Friday, February 06, 2015

Now You Can Send Money to Nigeria Fast

If you have some business in Nigeria, such as sending money to a princess who asked you to clear $20,000,000 through your bank account, there's some good news. Now there's a new service, Nigeria Direct, that you can use to send money directly to Nigeria. I almost couldn't believe my eyes, when I saw this poster in the window of a cash transfer place. I walked inside to ask questions and on the counter I found a pile of fliers, identical to the poster. I took a few for my collection of scams and I scanned one of them for your viewing pleasure.

Nigerian mail scam money transfter poster

Most readers of my blog should be familiar with the 419 Nigerian scam. But since the scam is still open for business, obviously, there are folks out there that know nothing about it. So, for those who don't know what the Nigerian scam is, here is yet another description for the Google bots to crawl.

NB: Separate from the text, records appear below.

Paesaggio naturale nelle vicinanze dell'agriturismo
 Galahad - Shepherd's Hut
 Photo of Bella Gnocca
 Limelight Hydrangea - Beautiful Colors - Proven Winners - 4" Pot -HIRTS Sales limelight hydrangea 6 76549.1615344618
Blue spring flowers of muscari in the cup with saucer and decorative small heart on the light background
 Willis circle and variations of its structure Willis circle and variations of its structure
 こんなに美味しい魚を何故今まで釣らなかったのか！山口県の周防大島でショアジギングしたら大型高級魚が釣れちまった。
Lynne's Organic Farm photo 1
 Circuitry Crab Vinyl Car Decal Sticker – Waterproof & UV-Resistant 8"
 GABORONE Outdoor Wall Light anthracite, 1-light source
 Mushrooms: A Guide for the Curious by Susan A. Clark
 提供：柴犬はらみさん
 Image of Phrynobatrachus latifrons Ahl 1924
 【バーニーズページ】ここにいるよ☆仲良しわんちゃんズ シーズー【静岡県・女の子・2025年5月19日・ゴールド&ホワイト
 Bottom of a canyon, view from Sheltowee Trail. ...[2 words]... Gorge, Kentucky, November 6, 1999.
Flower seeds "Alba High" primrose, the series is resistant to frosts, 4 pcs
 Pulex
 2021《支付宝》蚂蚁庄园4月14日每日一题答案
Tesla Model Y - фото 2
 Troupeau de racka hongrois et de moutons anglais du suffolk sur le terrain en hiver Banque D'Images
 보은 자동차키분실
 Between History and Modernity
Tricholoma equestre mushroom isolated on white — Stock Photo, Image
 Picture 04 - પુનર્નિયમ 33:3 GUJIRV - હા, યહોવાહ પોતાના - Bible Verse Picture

The Nigerian scam, also known as the Nigerian mail scam, is a version of the old Spanish prisoner scam. In the old scam prospective dupes were contacted, through letters, by an individual allegedly trying to smuggle a wrongly convicted man out of a prison in Spain. In some versions of the scam the dupe was informed that the prisoner was actually a distant relative of the dupe, which helped explain why the dupe was being contacted, in the first place. The prisoner would be a wealthy man but due to his incarceration was unable to access his own funds, until he was out of prison. The dupe was told that the prisoner offered money to anyone helping in his escape, but some money was first needed to bribe prison guards. So, the dupe was asked to put up some money up front for the bribes. In exchange for assistance, the con artist promised to share the reward money with the dupe. After the dupe has turned over the initial funds, he was informed that further difficulties had arisen and more money was needed. With such explanations, the con artist continued to press for more money until the dupe couldn't or wouldn't put up more funds.

The Nigerian scam is almost the same. In this case SPAM bots are used to send out mass emails to millions of harvested email addresses. In many versions of the scam the email messages state that princess Bhurunda Mhurunda (or whatever her name) from Nigeria is trying to access $20,000,000 of her father's money that is locked up in some account in Nigeria. Her father, also a prince or something if that sort, is either recently deceased or wrongfully incarcerated and is unable to access these funds. So, the princess took her own initiative to find a trustworthy person who owns a bank account in a country outside of Nigeria, so that the funds could be cleared through that account. At that point all that the princess is asking from the prospective dupe is permission to clear $20,000,000 through his/her account. And who on earth would say no to that? For his/her troubles, the dupe is promised 10% of the $20 mil. Somewhere in the world there is always going to be a dupe that going to run to a 99 Cents store to buy a calculator and do the math and conclude that he/she is going to end up with $2,000,000 overnight. But hurry, the letter says, because the Nigerian account will be closed in a couple of days and the funds will be seized by the government. And there's a catch, like in the Spanish prisoner scam, the Nigerians also explain that some "small" amount of money is initially needed to cover some administrative fees or to bribe someone, so that the princess can access her father's 20 million dollar account.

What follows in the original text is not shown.